Social and political events and phenomena don’t happen out of nowhere and without a reason. To understand what’s really happening, we must look at the big picture and in its historical context and continuum. Barbaric Terror groups like Al Qaeda and ISIS are the byproducts of a world dominated by corporate greed and narrow economic interests, which lead up to imperialist wars and conflicts anywhere they can get their hands on. In a world dominated by imperialism, political expediency and complacency towards corrupt self-serving and treacherous puppet governments on the one hand and support for brutal terrorist organizations like Al Qaeda and ISIS, on the other, become routine and the norm. Terrorists are armed and funded and medieval dictators and kings applauded and supported as long as they serve their imperial interests, no matter how many people they massacre and how they treat their women, and then, when those terrorists turn against them, they embark on new wars in the name of “war on terror”. Could it have been any more convenient than that? They use terror groups once to destabilize and overthrow governments and then they use them again to justify their wars against them.
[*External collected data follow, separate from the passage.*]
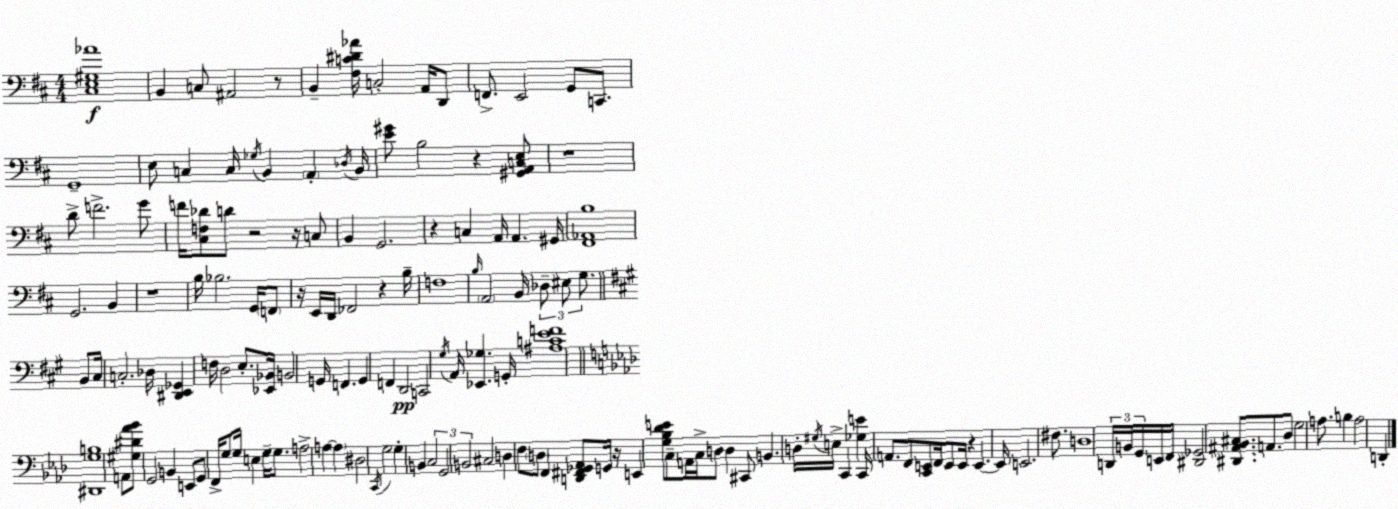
X:1
T:Untitled
M:4/4
L:1/4
K:D
[^C,E,^G,_A]4 B,, C,/2 ^A,,2 z/2 B,, [^F,C^D_A]/4 C,2 A,,/4 D,,/2 F,,/2 E,,2 G,,/2 C,,/2 G,,4 E,/2 C, C,/4 _G,/4 B,, A,, _D,/4 B,,/4 [E^G]/2 B,2 z [^G,,A,,C,E,]/2 z4 D/2 F2 G/2 F/4 [^C,F,_D]/2 D/2 z2 z/4 C,/2 B,, G,,2 z C, A,,/4 A,, ^G,,/4 [^F,,_A,,B,]4 G,,2 B,, z4 B,/4 _B,2 G,,/4 F,,/2 z/4 E,,/4 D,,/4 _F,,2 z B,/4 F,4 B,/4 A,,2 B,,/4 _D,/2 ^E,/2 G,/2 B,,/2 ^C,/4 C,2 _D,/4 [^D,,E,,_G,,] F,/4 D,2 E,/2 [_E,,_B,,]/4 B,,2 G,,/4 F,, G,, F,, D,,2 C,,2 ^G,/4 A,,/4 [_E,,_G,] G,,/4 [^A,CEF]4 [^D,,G,B,]4 A,,/2 [^G,^D_A_B]/2 G,,2 B,, E,,/2 G,,/2 F,,/4 G,/2 G,/4 E, G,/4 G,/2 A,2 A, A, ^D,2 C,,/4 G,2 G, B,, C,2 G,,2 B,,2 ^C,2 D, F,/2 D,/2 F,, [D,,^F,,_G,,_A,,]/2 G,,/4 z/4 E,, [G,_B,_DE]/2 C,/2 A,,/4 C,/4 D,/2 D, ^C,,/2 B,, D,/4 ^G,/4 E,/4 C,, [_G,E] C,,/4 A,,/2 F,,/2 [C,,E,,]/2 F,,/4 E,,/2 E,,/4 z E,, E,,/4 E,,2 ^F,/2 D,4 D,,/4 B,,/4 G,,/4 E,,/4 F,,/4 [^D,,_G,,]2 [^D,,^A,,_B,,^C,]/2 A,,/2 _D,/2 G,2 A,/2 B, A,2 D,,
Such insatiable proclivity for wars, militarism and military interventions don’t happen for no reason, either, but are in fact, tied to and stem from the nature of an economic system that’s based on maximizing profits by all means necessary, which comes with political and economic coercion, assassinations, military coups, interventions and frequent wars causing countless deaths and destroyed lives. Such a system that’s predicated upon and benefits from wars and terror will by necessity also lead to spying on its own citizens, punishing whistle blowers and silencing critics should they menage to lead a movement for change.
We might be tempted to put all this into the category of intellectual musings and pastime and continue with our daly routine until the news of the next war or the next massacre or next regional conflagration, but, I’m afraid we don’t have that luxury, anymore. We’ve let this beast grow for far too long and it’s now threatening to drag us all into another world war.